> _TASK MATERIAL_

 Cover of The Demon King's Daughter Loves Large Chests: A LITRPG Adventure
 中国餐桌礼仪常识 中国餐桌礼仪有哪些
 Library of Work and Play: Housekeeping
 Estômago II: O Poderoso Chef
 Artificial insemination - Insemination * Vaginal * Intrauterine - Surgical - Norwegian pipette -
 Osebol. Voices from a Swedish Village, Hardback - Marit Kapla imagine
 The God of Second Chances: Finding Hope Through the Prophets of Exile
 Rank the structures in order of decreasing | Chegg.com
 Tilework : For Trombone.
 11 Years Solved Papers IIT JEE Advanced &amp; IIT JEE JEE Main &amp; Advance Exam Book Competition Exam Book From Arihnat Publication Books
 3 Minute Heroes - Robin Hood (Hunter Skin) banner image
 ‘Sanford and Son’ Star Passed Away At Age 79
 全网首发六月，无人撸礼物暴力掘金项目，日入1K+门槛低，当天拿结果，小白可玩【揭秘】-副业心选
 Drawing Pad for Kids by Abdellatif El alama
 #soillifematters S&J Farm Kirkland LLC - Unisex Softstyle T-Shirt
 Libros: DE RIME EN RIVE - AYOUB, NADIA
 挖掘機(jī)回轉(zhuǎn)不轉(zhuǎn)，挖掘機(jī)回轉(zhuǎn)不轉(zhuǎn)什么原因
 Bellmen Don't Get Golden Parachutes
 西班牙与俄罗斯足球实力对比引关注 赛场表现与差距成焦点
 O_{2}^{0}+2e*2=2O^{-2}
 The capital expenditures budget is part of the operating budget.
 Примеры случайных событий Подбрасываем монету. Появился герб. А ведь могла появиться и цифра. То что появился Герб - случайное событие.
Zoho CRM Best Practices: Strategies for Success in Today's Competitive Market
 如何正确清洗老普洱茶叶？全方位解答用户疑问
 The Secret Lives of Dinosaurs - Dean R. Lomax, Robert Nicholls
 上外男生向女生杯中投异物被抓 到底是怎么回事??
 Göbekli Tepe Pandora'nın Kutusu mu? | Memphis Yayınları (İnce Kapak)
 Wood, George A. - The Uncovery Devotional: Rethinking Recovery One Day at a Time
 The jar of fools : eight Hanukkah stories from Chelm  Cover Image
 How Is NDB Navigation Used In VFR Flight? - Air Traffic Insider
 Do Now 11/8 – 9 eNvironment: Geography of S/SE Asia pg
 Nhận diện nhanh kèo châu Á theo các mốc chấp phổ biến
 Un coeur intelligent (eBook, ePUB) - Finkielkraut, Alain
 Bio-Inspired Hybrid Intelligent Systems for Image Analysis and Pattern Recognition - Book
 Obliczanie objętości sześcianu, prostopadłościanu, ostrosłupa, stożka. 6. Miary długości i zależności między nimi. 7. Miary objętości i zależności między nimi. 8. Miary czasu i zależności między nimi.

> _WHAT NEEDS TO BE DONE_
Copy every line of the listing above exactly.

> _SOLUTION TO THIS PROBLEM_
 Cover of The Demon King's Daughter Loves Large Chests: A LITRPG Adventure
 中国餐桌礼仪常识 中国餐桌礼仪有哪些
 Library of Work and Play: Housekeeping
 Estômago II: O Poderoso Chef
 Artificial insemination - Insemination * Vaginal * Intrauterine - Surgical - Norwegian pipette -
 Osebol. Voices from a Swedish Village, Hardback - Marit Kapla imagine
 The God of Second Chances: Finding Hope Through the Prophets of Exile
 Rank the structures in order of decreasing | Chegg.com
 Tilework : For Trombone.
 11 Years Solved Papers IIT JEE Advanced &amp; IIT JEE JEE Main &amp; Advance Exam Book Competition Exam Book From Arihnat Publication Books
 3 Minute Heroes - Robin Hood (Hunter Skin) banner image
 ‘Sanford and Son’ Star Passed Away At Age 79
 全网首发六月，无人撸礼物暴力掘金项目，日入1K+门槛低，当天拿结果，小白可玩【揭秘】-副业心选
 Drawing Pad for Kids by Abdellatif El alama
 #soillifematters S&J Farm Kirkland LLC - Unisex Softstyle T-Shirt
 Libros: DE RIME EN RIVE - AYOUB, NADIA
 挖掘機(jī)回轉(zhuǎn)不轉(zhuǎn)，挖掘機(jī)回轉(zhuǎn)不轉(zhuǎn)什么原因
 Bellmen Don't Get Golden Parachutes
 西班牙与俄罗斯足球实力对比引关注 赛场表现与差距成焦点
 O_{2}^{0}+2e*2=2O^{-2}
 The capital expenditures budget is part of the operating budget.
 Примеры случайных событий Подбрасываем монету. Появился герб. А ведь могла появиться и цифра. То что появился Герб - случайное событие.
Zoho CRM Best Practices: Strategies for Success in Today's Competitive Market
 如何正确清洗老普洱茶叶？全方位解答用户疑问
 The Secret Lives of Dinosaurs - Dean R. Lomax, Robert Nicholls
 上外男生向女生杯中投异物被抓 到底是怎么回事??
 Göbekli Tepe Pandora'nın Kutusu mu? | Memphis Yayınları (İnce Kapak)
 Wood, George A. - The Uncovery Devotional: Rethinking Recovery One Day at a Time
 The jar of fools : eight Hanukkah stories from Chelm  Cover Image
 How Is NDB Navigation Used In VFR Flight? - Air Traffic Insider
 Do Now 11/8 – 9 eNvironment: Geography of S/SE Asia pg
 Nhận diện nhanh kèo châu Á theo các mốc chấp phổ biến
 Un coeur intelligent (eBook, ePUB) - Finkielkraut, Alain
 Bio-Inspired Hybrid Intelligent Systems for Image Analysis and Pattern Recognition - Book
 Obliczanie objętości sześcianu, prostopadłościanu, ostrosłupa, stożka. 6. Miary długości i zależności między nimi. 7. Miary objętości i zależności między nimi. 8. Miary czasu i zależności między nimi.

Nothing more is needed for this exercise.